Rough ’n’ Roti: Mediterranean on 53rd

I’m not sold on whether the “quick and dirty” format of food prep works in a Mediterranean restaurant.

By Max Miller

Max Miller / The Chicago Maroon



January 18, 2017

Last night, Roti Modern Mediterranean opened its doors next to the Chipotle on 53rd Street. Roti definitely fits the bill as a Chipotle impersonator, which makes its proximity to the real deal ironic. However, I respect Hotelling’s Law and could therefore overlook the tempting Chipotle smell to venture inside Roti for lunch on Wednesday.

I was first greeted with an abundance of trendy restaurant flair, including stainless steel, painted brick, and artistic rope structures as the Red Hot Chili Peppers played softly in the background. The huge signs that adorn the entryway read “Gluten Free,” “Organic,” “Antibiotic Free,” and “Free-Range.” And let me tell you, there aren’t many places left where you can get some decent free-range hummus.

These restaurateurs certainly know their audience—and their buzzwords—but I found it most surprising that the food actually seemed healthy. The meats and sauces in the assembly line seemed dwarfed by the sheer amount of vegetables throughout, which explains how few calories are in each of their dishes: 200 to 300 in each main course. This customizable health food comes at a price, of course. But for health food of the non-wrap/burrito variety, Roti might be the perfect counterweight to Chipotle.

I first ordered the pita wrap, filled with steak, feta, tomatoes, cucumbers, hummus, garlic sauce, and roasted red pepper sauce; and the basmati and wild rice bowl, with spicy lamb meatballs, couscous, olives, tomatoes, cucumbers, feta, hummus, quinoa cauliflower tabbouleh, and both red and green types of s’hug. I had no idea what the s’hug was, and the worker making my food didn’t either (it turned out to be a sauce). I also added on a cup of their red lentil soup and a piece of heavenly baklava.


Patrons in line customizing their meal.

Nikita Dulin / The Chicago Maroon

The cafeteria setup of the restaurant means that the food is prepared as you order it, but also requires you to bus your own table afterwards. The ingredients were served on different quadrants of the plate, but I didn’t mix my ingredients. Nonetheless, I enjoyed the process of getting the ideal “Mediterranean” bite in each forkful.

The rice bowl was, as a whole, delicious. The olives were packed with flavor and were sprinkled temptingly around the soft rice in the center. The rice itself was chewy and lemon-tinged, which broke up the veggie monotony. I warn anyone trying the tender spicy lamb meatballs that they are really quite spicy, much more so than expected.

And the hummus!
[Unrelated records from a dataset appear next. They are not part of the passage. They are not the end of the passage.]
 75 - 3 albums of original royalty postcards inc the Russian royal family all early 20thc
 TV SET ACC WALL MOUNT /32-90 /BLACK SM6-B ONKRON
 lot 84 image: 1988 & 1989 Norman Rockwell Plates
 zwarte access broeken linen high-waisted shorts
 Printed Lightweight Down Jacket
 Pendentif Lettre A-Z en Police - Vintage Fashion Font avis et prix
The hummus was the star of the show: a salty, smooth texture with the intermingling of spice and oil. The quinoa cauliflower tabbouleh—the strangest ingredient—was actually pretty good, and tasted like a familiar deli coleslaw. The red s’hug was curry-like and savory, while the green s’hug had a strong cilantro-meets-pesto kind of flavor. Despite heavy spicing, the couscous was somehow flavorless, so I avoided it throughout the meal.

The red lentil soup was great—just eat it quickly, since its flavor is captured by the heat. It was much more like a curry sauce than a lentil soup, featuring a floating layer of cilantro and sticky vegetable fibers on top. 
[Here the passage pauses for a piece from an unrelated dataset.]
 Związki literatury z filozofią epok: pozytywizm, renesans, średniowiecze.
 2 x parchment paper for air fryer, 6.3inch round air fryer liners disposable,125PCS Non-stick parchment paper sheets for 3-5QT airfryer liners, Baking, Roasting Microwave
Patrons in line customizing their meal.

Nikita Dulin / The Chicago Maroon

If I learned anything about food from Roti Modern Mediterranean, it’s that a pita wrap is a terrible invention, and that they should quickly revert back to tortillas before anyone gets hurt. It took me five bites to breach its dense shell, and the filling wasn’t even worth ripping through layer after layer of unyielding pita. The sauces formed a separate cavity in the hull of the pita, far away from the meat and huge lump of feta cheese. Although the meat and vegetables were certainly flavorful on their own, the meat was cold and barely covered in garlic sauce. At Chipotle, I avoid the bowl and always prefer the burrito, but I highly recommend doing the opposite when eating at Roti.
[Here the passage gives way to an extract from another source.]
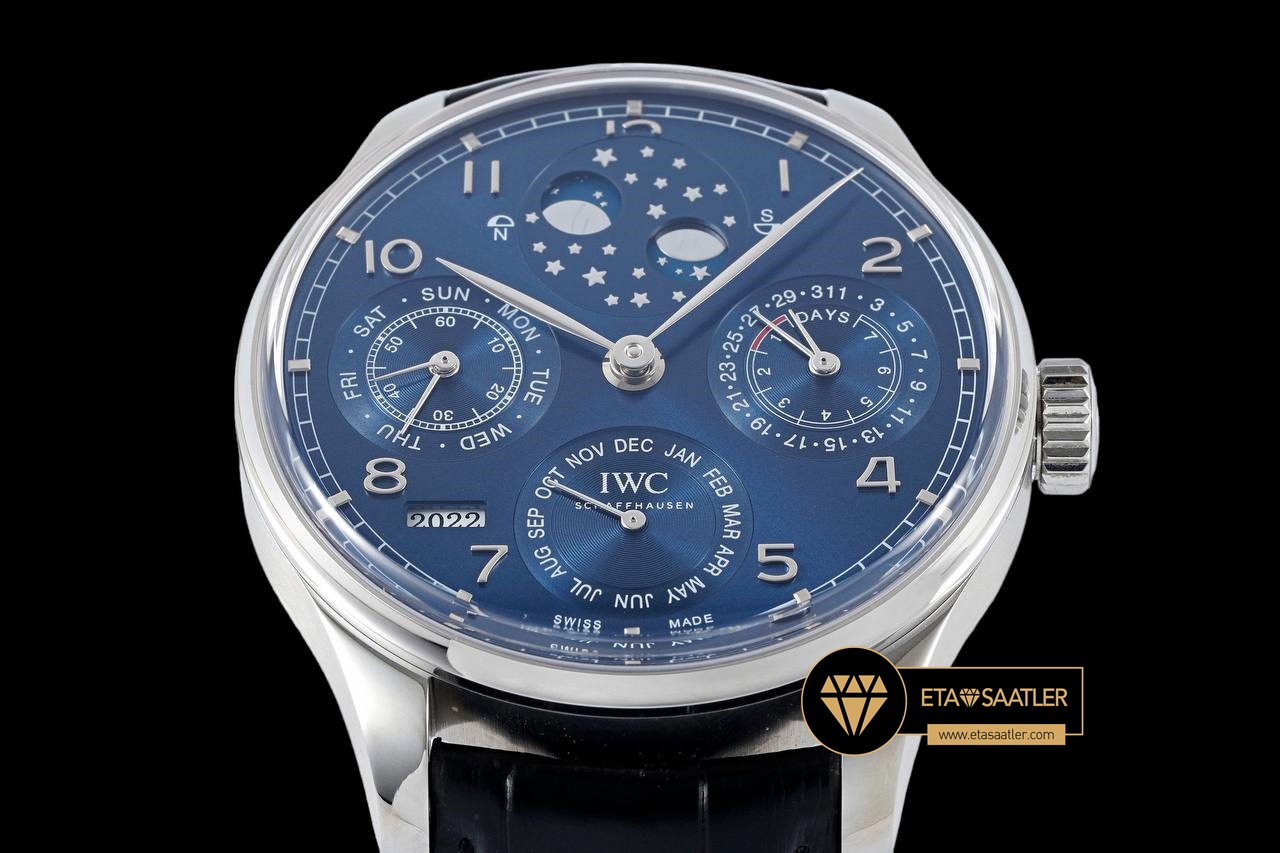 IWC Portuguese IW503401 Mavi Perpetual Calendar Super Clone ETA (2) IWC Portuguese IW503401 Mavi Perpetual Calendar Super Clone ETA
I enjoyed the quick and easy flavors at my disposal on the assembly line, but I would have preferred more individual care to ensure that the flavors end up in the right places. It was disappointing that by the time I sat down, the meat in my wrap had already gone cold, and I would imagine that the average Hyde Park citizen would also need to ask what s’hug is. I’m not sold on whether the “quick and dirty” format of food prep works in a Mediterranean restaurant, though I appreciated Roti’s showing, especially in the variety of ingredients available to the customizing customer.